SD cards, including the micro type, are divided into classes—2, 4, 6, and 10—where the class number denotes minimum write speed. Class 2 means a minimum of 2MB/s write, while Class 4 means 4MB/s, and so on. The Ultra High Speed Class 1 (UHS-I) rating was established when cards became faster and it was possible for minimum read/write rates to exceed 10MB/s. Now, UHS-II cards offer substantially quicker transfer rates than ever before.
UHS-I and II cards are capable of huge performance boosts over standard cards, in terms of maximum read/write speeds. A UHS Class 1 rating tells you that the technology allows for speeds of up to 104MB/s. Many UHS-1 cards deliver read/write rates of 80―95MB/s, with a lot of others getting up to about 60MB/s. UHS-II denotes even faster maximum speeds of 312MB/s, with the reality being 250―280MB/s for the current SD lineup.
Memory Stick (MS)
A proprietary memory type used in many Sony devices, Memory Stick PRO Duo cards are similar in size to SD cards and are smaller than the original incarnations of the Sony Memory Stick. The MS PRO-HG Duo offers performance approximately four times faster than the PRO Duo. MS cards also have MagicGate copyright protection technology, which provides authentication and content encryption and decryption to prevent unauthorized copying, and conform to Secure Digital Music Initiative (SDMI) standards.
XQD cards, made by Lexar and Sony, use the PCIe interface featured on certain computer expansion cards. In theory, the XQD format has a maximum possible capacity greater than the 2TB limit of other memory card types, though we have yet to see an actual card approaching such massive storage capabilities.
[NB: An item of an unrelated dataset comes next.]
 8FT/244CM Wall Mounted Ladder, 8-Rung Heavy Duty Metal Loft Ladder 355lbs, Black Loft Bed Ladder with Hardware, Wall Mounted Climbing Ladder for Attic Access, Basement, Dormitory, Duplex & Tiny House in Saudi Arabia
They are currently available in several classes: the standard XQD, also known as the H Series, as well as the N, S, and G series. The H and N class support transfer speeds up to 125MB/s, while the S-series supports up to 180MB/s for reading and writing. The newest class, the G series, supports transfer speeds up to 400MB/s to benefit 4K video recording and high-resolution still shooting bursts.
Sony's SxS-1 and SxS PRO+ cards were created for the XDCAM EX camcorders and feature the same interface as a computer ExpressCard. SxS-1 cards feature similar performance compared to the PRO+ versions and offer maximum read speeds of 1.2Gb/s (150MB/s), with slightly lower write speeds. SxS PRO+ memory cards support write speeds of up to 1.5Gb/s (187.5MB/s) and maximum read speeds of 1.6Gb/s.
P2 and microP2
Designed for full HD and 4K recording in Panasonic's P2 camcorders, the company's P2 cards have the same maximum transfer speeds as the SxS-1 cards. The microP2 version, which has a form factor identical to a full-size SD card, is UHS-II and features much faster 2Gb/s (250MB/s) rates. To help ensure high reliability, both the P2 and microP2 cards offer a RAID-type error-correction system similar to that of many external computer drives.
Most consumer-grade cameras and camcorders are compatible with CompactFlash (CF), Secure Digital (SD), or Memory Stick type cards, and several cameras now feature dual memory slots, allowing you to use up to two cards at a time. Common combinations include two SD slots or one CF and one SD slot, along with a handful of different combinations.